§ Available records:

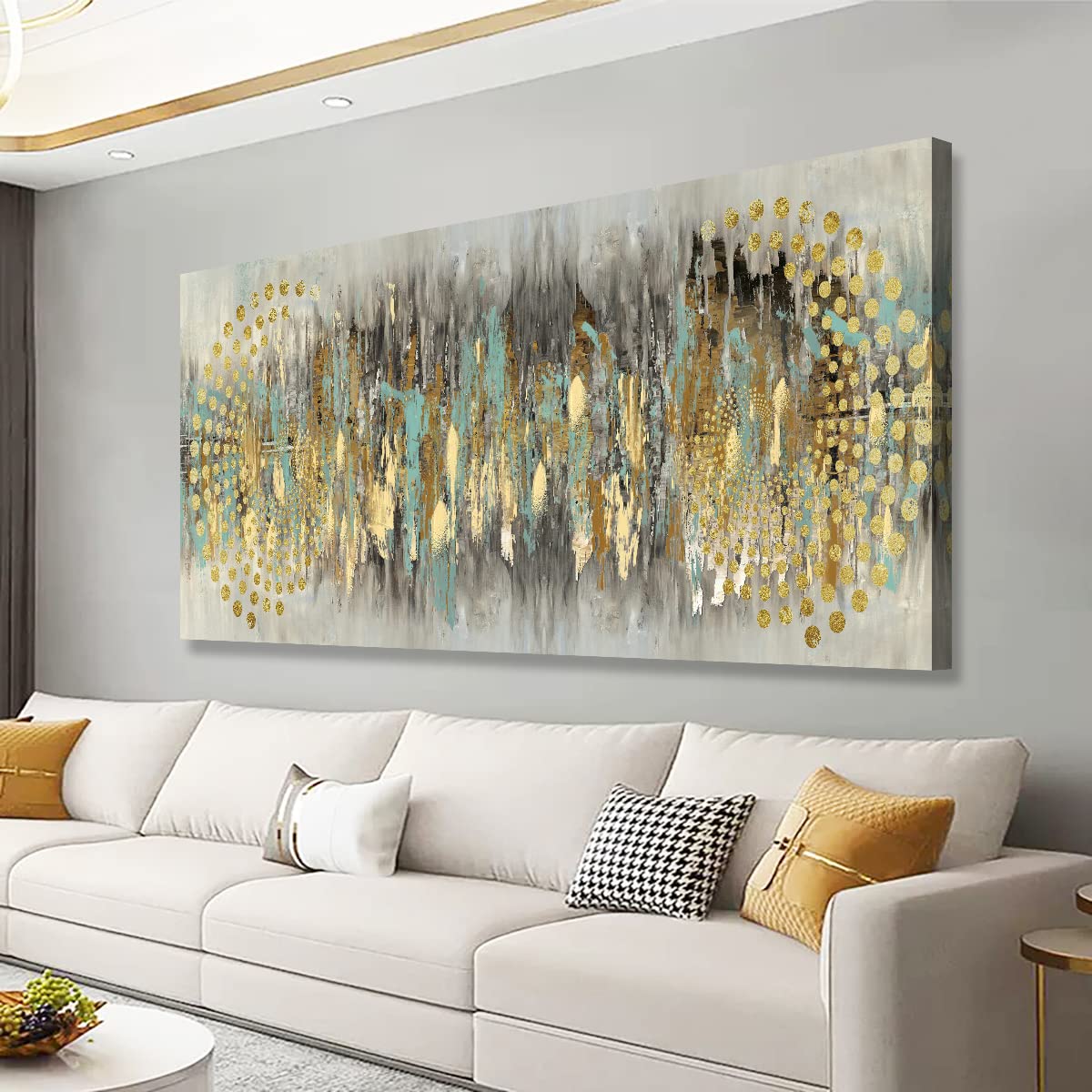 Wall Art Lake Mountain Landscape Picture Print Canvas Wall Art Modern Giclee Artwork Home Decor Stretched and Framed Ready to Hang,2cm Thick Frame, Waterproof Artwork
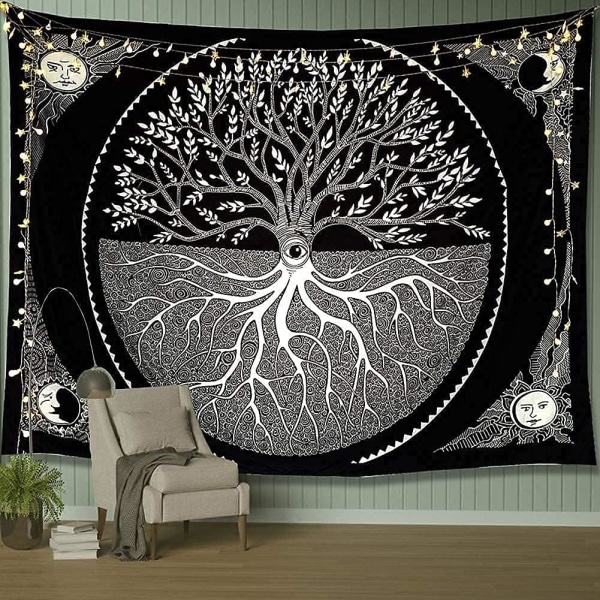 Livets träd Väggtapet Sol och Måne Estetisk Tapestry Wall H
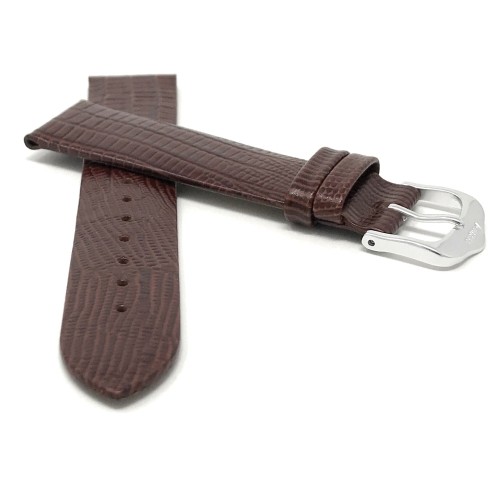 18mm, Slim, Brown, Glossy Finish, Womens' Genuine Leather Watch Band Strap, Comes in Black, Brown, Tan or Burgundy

==

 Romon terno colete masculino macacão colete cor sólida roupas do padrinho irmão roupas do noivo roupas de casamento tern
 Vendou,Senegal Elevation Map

§ Description of the task:
Pictures aside, return exactly the lines from the data above, starting at the line that has "Livets träd Väggtapet" and ending at the line that has "18mm, Slim, Brown, Glossy", both included.

§ Exercise answer:
 Livets träd Väggtapet Sol och Måne Estetisk Tapestry Wall H
 18mm, Slim, Brown, Glossy Finish, Womens' Genuine Leather Watch Band Strap, Comes in Black, Brown, Tan or Burgundy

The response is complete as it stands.